Widgetbox is an amazing service with a great promise: You might have content that can be widgetized and distributed, but there are numerous formats your widget can be in, and tons of services which it can be distributed on. Widgetbox is a centralized place to handle all that is widget, and it connects your content with several distribution methods (to all major blogging platforms, to social networks like MySpace, Facebook and Bebo, and to personalized homepages like iGoogle and Netvibes, and the list goes on). On top of that, it also helps your content get viral distribution.
Sounds like widget heaven, however in reality it is far from perfect. As it seems from toying around with Widgetbox, their delivery is below their promise — sometimes because of limitations imposed on them by 3rd parties, but sometimes because of what seems like misunderstanding of developer’s needs (or at least my needs 😉 ).
I set out to turn some RSS feeds, or some other API-available content, to be widgetized and distributed on social networks. I encountered two major issues that prevented me from succeeding.
The first issue is their support for distribution over MySpace and Facebook, or lack thereof. Widgets can be distributed on MySpace or Facebook only if they are flash widgets. If distributed on MySpace, outgoing links don’t work, and Widgetbox use some sort of weird workaround that makes the user copy and paste the link in a different browser tab (will you ever do it if a widget asks you to?). Moreover, it seems that there was an option to turn your widget to a Facebook App, but it has been down for the last 6 months.

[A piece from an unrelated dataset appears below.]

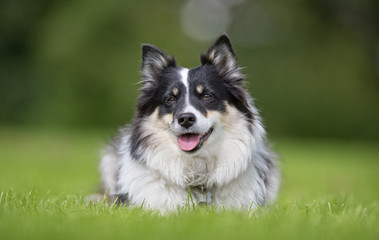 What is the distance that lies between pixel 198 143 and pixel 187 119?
0.98 feet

The second issue is more important in my opinion, because it is entirely up to them and not imposed on them due to restrictions made by 3rd parties, and it reflects a flaw in their business perception. They have a great tool which is called a Blidget — a widget that takes an RSS feed and turns it into a slick flash widget showing the recent items in the feed. The main problem with it, is that it is aimed towards end users, and not towards developers. Say I have a web service with hundreds of thousands of users, each of them having his own RSS feed, and I want to enable them to get my branded widget with their feed in it with a click of a button — I can’t make use of Blidgets. Blidgets require the user to prepare them and brand them, there is no API for that which developers can use, nor is there anyway that I can prepare a branded Blidget, and pass the feed URL as a parameter, because a Blidget is made on a per-feed basis.
I consulted their support, that’s what they had to say:
It seems all you would have to do is get the RSS feed from them and make the widget yourself. You can put any brand or logo on the widget.
And when I said that I am looking for a scalable solution, not something that I have to manually do myself:
One link is not possible. You can have a link to Widgetbox.com on your site. Then you can list there RSS feed for them to copy and paste into widgetbox to create there blidget.
Which is unacceptable as well, since if they create the blidget, it’s not branded as I want it.
I think that Widgetbox is missing out here big time, at least in the Blidget case. Instead of leveraging the communities of existing web services and the innovation of developers (they try to do it with their other widget formats, I don’t understand why that’s not the case with Blidgets), they are turning to end users in search of virality. I believe that turning to developers and enabling them to use Blidgets, will increase the use cases and the virality of Blidgets. After all, getting a million users is harder than getting 10 developers, each with a tenth of a million users on his web service.